**REQUIREMENT**:
Look through the entries below and extract exactly the lines from the one containing "INFORM IN ACTION: MACHINE LEARNING" through the one containing "产品及制程风险评价表_第2页", ends included.

**Scraped caption text data**:
--

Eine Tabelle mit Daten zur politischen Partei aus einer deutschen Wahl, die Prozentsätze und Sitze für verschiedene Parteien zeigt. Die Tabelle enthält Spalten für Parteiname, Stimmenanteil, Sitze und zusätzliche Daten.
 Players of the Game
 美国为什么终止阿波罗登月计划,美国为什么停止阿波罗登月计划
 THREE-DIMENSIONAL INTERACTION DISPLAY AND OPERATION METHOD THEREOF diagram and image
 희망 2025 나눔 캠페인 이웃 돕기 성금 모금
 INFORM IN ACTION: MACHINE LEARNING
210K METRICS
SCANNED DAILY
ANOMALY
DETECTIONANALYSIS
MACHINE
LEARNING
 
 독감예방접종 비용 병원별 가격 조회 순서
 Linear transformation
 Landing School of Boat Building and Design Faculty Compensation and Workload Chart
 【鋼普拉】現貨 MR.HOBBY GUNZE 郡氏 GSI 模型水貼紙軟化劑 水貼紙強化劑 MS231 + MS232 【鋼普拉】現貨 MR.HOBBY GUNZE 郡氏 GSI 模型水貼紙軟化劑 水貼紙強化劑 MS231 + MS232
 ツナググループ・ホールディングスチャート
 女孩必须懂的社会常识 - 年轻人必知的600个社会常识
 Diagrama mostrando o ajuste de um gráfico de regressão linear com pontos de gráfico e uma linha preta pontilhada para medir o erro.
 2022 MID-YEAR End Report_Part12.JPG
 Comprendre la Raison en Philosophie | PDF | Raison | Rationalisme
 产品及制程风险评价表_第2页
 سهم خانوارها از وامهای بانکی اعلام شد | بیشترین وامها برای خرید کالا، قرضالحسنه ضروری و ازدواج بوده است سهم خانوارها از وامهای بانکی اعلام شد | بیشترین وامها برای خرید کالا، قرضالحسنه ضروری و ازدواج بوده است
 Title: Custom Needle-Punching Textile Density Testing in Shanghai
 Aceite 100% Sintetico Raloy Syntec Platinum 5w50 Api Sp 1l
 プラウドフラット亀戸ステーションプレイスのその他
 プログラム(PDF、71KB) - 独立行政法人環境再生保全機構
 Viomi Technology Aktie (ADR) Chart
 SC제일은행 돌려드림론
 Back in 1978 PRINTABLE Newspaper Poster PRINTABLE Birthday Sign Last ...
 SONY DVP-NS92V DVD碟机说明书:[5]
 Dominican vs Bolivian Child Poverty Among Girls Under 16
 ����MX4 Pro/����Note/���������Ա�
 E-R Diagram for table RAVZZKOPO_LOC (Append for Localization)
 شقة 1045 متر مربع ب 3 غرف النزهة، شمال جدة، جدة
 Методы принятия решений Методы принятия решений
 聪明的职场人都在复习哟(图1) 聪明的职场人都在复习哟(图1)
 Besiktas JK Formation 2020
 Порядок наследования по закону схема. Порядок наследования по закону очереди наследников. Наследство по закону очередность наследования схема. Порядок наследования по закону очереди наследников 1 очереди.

--

**RESULT FOR THIS EXERCISE**:
 INFORM IN ACTION: MACHINE LEARNING
210K METRICS
SCANNED DAILY
ANOMALY
DETECTIONANALYSIS
MACHINE
LEARNING
 
 독감예방접종 비용 병원별 가격 조회 순서
 Linear transformation
 Landing School of Boat Building and Design Faculty Compensation and Workload Chart
 【鋼普拉】現貨 MR.HOBBY GUNZE 郡氏 GSI 模型水貼紙軟化劑 水貼紙強化劑 MS231 + MS232 【鋼普拉】現貨 MR.HOBBY GUNZE 郡氏 GSI 模型水貼紙軟化劑 水貼紙強化劑 MS231 + MS232
 ツナググループ・ホールディングスチャート
 女孩必须懂的社会常识 - 年轻人必知的600个社会常识
 Diagrama mostrando o ajuste de um gráfico de regressão linear com pontos de gráfico e uma linha preta pontilhada para medir o erro.
 2022 MID-YEAR End Report_Part12.JPG
 Comprendre la Raison en Philosophie | PDF | Raison | Rationalisme
 产品及制程风险评价表_第2页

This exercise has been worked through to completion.